Innovation begets risk, almost by definition. When something is truly
new, only so much can be predicted about how it will play out. Proponents of
a discovery often see and believe only in the benefits that it will deliver.
But when it comes to innovations in food and medicine, belief can be a
dangerous thing. Often, new information is discovered that invalidates the
principles - thus the claims of benefit and, sometimes, safety - on which
proponents have built their products.

For example, antibiotics were once considered miracle drugs that, for
the first time in history, greatly reduced the probability that people would
die from common bacterial infections. But doctors did not yet know that the
genetic material responsible for conferring antibiotic resistance moves
easily between different species of bacteria. Overprescribing antibiotics
for virtually every ailment has given rise to "superbugs" that are now
virtually unkillable.

The principle that gave rise to the biotech industry promised benefits
that were equally compelling. Known as the Central Dogma of molecular
biology, it stated that each gene in living organisms, from humans to
bacteria, carries the information needed to construct one protein.

The scientists who invented recombinant DNA in 1973 built their
innovation on this mechanistic, "one gene, one protein" principle.

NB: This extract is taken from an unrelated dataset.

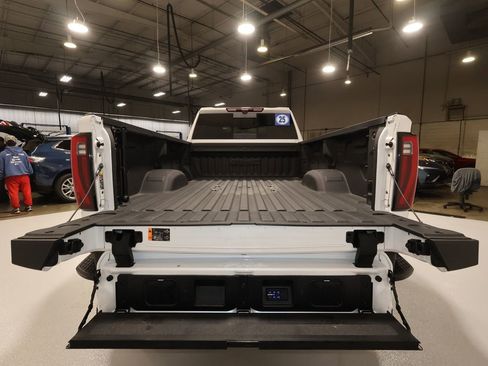 Certified 2025 GMC Sierra 3500 Denali Ultimate image 27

Because donor genes could be associated with specific functions, with
discrete properties and clear boundaries, scientists then believed that a
gene from any organism could fit neatly and predictably into a larger
design - one that products and companies could be built around, and that
could be protected by intellectual-property laws.

This presumption, now disputed, is what one molecular biologist calls
"the industrial gene."

"The industrial gene is one that can be defined, owned, tracked,
proven acceptably safe, proven to have uniform effect, sold and recalled,"
said Jack Heinemann, a professor of molecular biology in the School of
Biological Sciences at the University of Canterbury in New Zealand and
director of its Center for Integrated Research in Biosafety.

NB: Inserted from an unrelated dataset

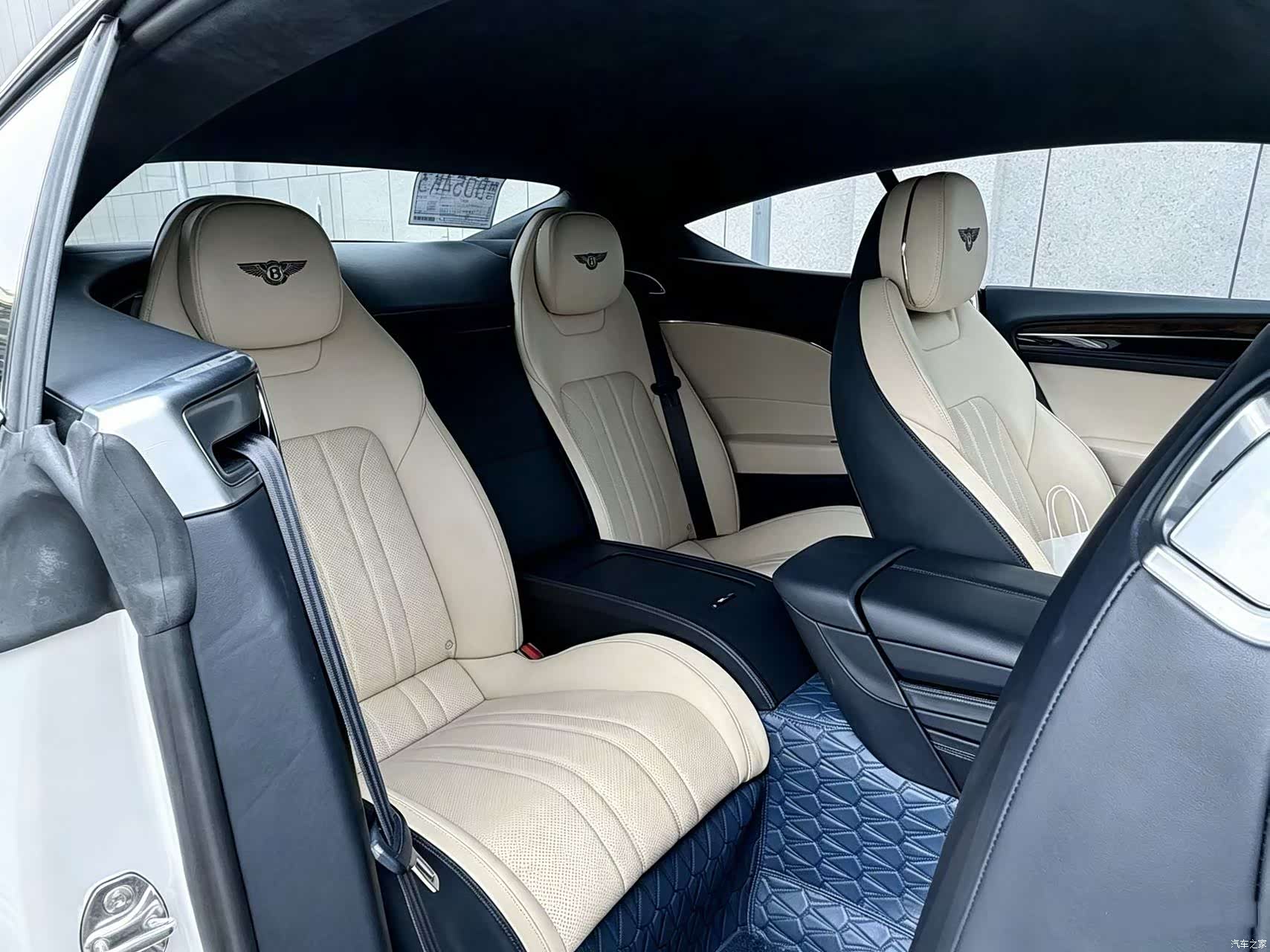 Bentley Continental GT, 2020 15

In the United States, the Patent and Trademark Office allows genes to
be patented on the basis of this uniform effect or function. In fact, it
defines a gene in these terms, as an ordered sequence of DNA "that encodes a
specific functional product."

In 2005, a study showed that more than 4,000 human genes had already
been patented in the United States alone. And this is but a small fraction
of the total number of patented plant, animal and microbial genes.

In the context of the consortium's findings, this definition now
raises some fundamental questions about the defensibility of those patents.

If genes are only one component of how a genome functions, for
example, will infringement claims be subject to dispute when another crucial
component of the network is claimed by someone else?

Might owners of gene patents also find themselves liable for
unintended collateral damage caused by the network effects of the genes they
own?

And, just as important, will these not-yet-understood components of
gene function tarnish the appeal of the market for biotech investors, who
prefer their intellectual property claims to be unambiguous and
indisputable?

While no one has yet challenged the legal basis for gene patents, the
biotech industry itself has long since acknowledged the science behind the
question.

"The genome is enormously complex, and the only thing we can say about
it with certainty is how much more we have left to learn," wrote Barbara
Caulfield, executive vice president and general counsel at the biotech
pioneer Affymetrix, in a 2002 article on Law.com called "Why We Hate Gene
Patents."

"We're learning that many diseases are caused not by the action of
single genes, but by the interplay among multiple genes," Caulfield said.
She noted that just before she wrote her article, "scientists announced that
they had decoded the genetic structures of one of the most virulent forms of
malaria and that it may involve interactions among as many as 500 genes."

Even more important than patent laws are safety issues raised by the
consortium's findings. Evidence of a networked genome shatters the
scientific basis for virtually every official risk assessment of today's
commercial biotech products, from genetically engineered crops to
pharmaceuticals.

"The real worry for us has always been that the commercial agenda for
biotech may be premature, based on what we have long known was an incomplete
understanding of genetics," said Heinemann, who writes and teaches
extensively on biosafety issues.

"Because gene patents and the genetic engineering process itself are
both defined in terms of genes acting independently," he said, "regulators
may be unaware of the potential impacts arising from these network effects."

Yet to date, every attempt to challenge safety claims for biotech
products has been categorically dismissed, or derided as unscientific.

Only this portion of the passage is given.